In the beginning, the United States of America was founded on the principles of democracy, independence and the American dream of self-determination. In 1941, abandoning its policy of isolationism to help the Allies fend off the imperialist advances of Germany and Japan during World War II, America’s military strength, its commitment to an unconditional surrender by Germany, and its nuclear bombing of Japan propelled America to the status of the world’s largest superpower, capable of wielding nuclear weapons to uphold democracy.

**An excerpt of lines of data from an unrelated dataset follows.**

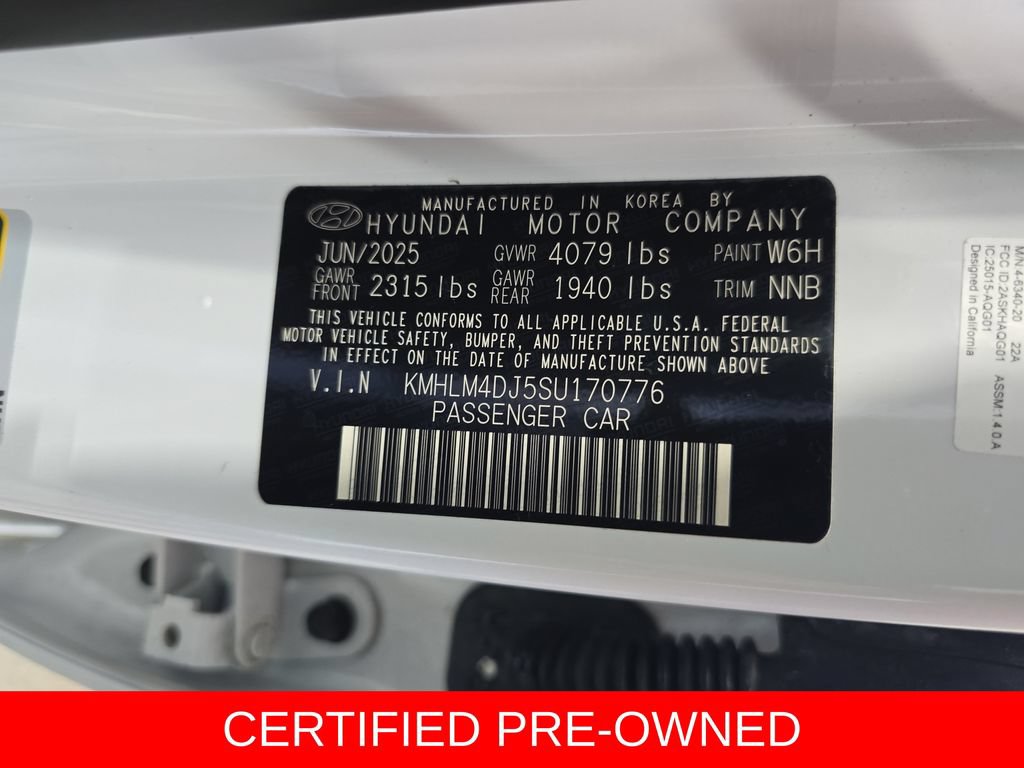 Certified 2025 Hyundai Elantra Hybrid FWD image 35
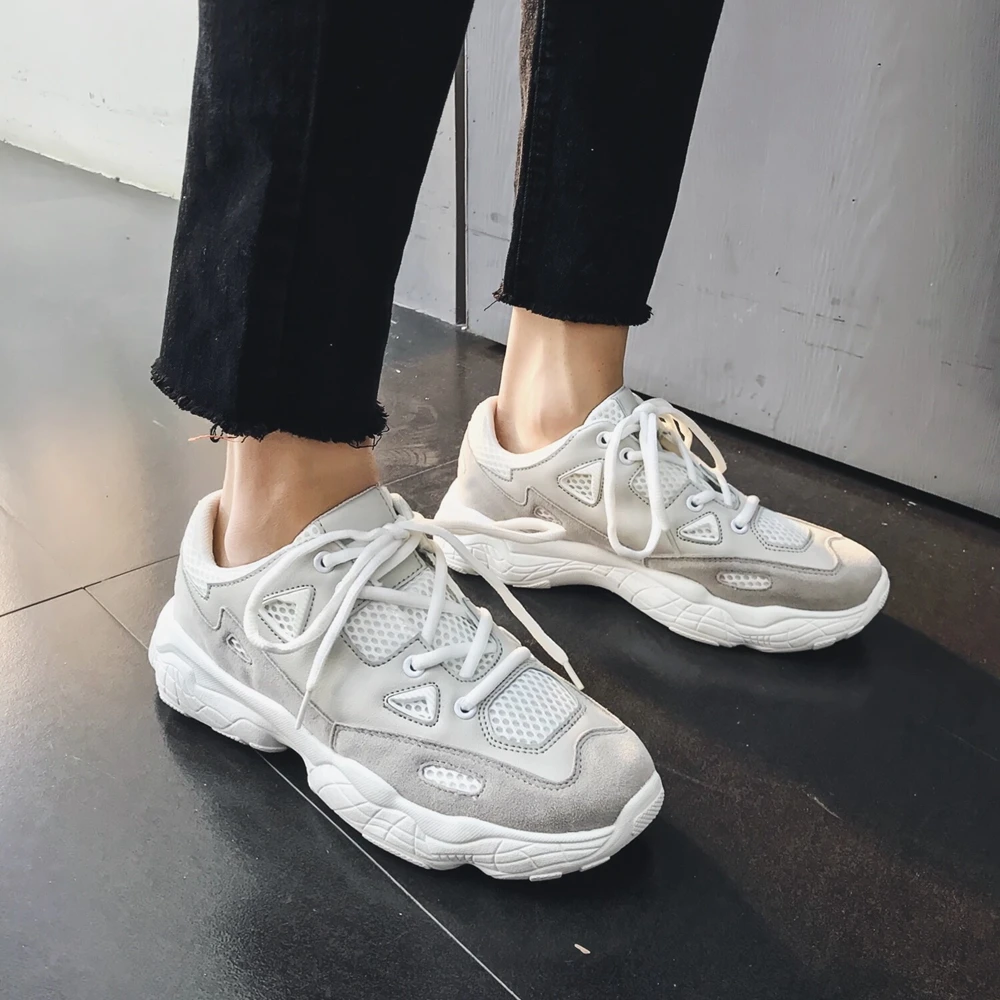 

Men Vulcanized Shoes Casual Dad Shoes Platform Sneakers Brand Fashion Breathable Chunky Trainers Zapatos De Hombre Shoes Male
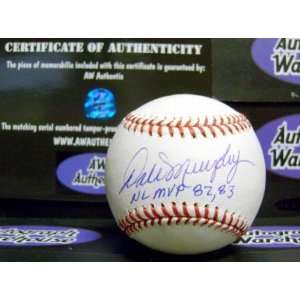Dale Murphy Signed Baseball   inscribed 82 83 NL MVP   Autographed 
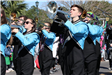 band walking in parade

But the end of the war did not mean the end of American intervention, particularly in Vietnam. In 1950, shortly after the end of World War Two, following requests from the French for support to hold onto the colonies in Indochina that France had lost to Japan during the war, America sent aid in the form of money and troops, which quickly escalated as it became clear that Vietnam was a greater challenge to overcome than the French had foreseen[2]. By the last year of the war in 1954, of the $751 billion spent that year on the French effort to reclaim Vietnam, 73.9% was composed of US aid[3]; over the next 27 years, America would continue to escalate the war in Vietnam, even as the French left, defeated at the Battle of Dien Bien Phu. By the end of the war, America would drop a total of approximately 14 billion tonnes of bombs, a figure greater even than the US had dropped in World War Two.[4]

Today, the Vietnam War remains a hugely contentious part of American history. Dubbed in Vietnam as the War of Resistance Against American Imperialism, the Vietnam War is one that continues to polarise America. Advocates of the war argue that the Vietnam War was a fight against the spread of Communism that begun with the best of motives; in contrast, critics of the war argue that America had no place in Vietnam, with the anti-war movement united together over the belief that the American war in Vietnam needed to end, whether that was because of the lack of a clear justification of why the war was being fought, the belief that American intervention in Vietnam was simply another form of imperialism or the high domestic costs of the war, among other reasons.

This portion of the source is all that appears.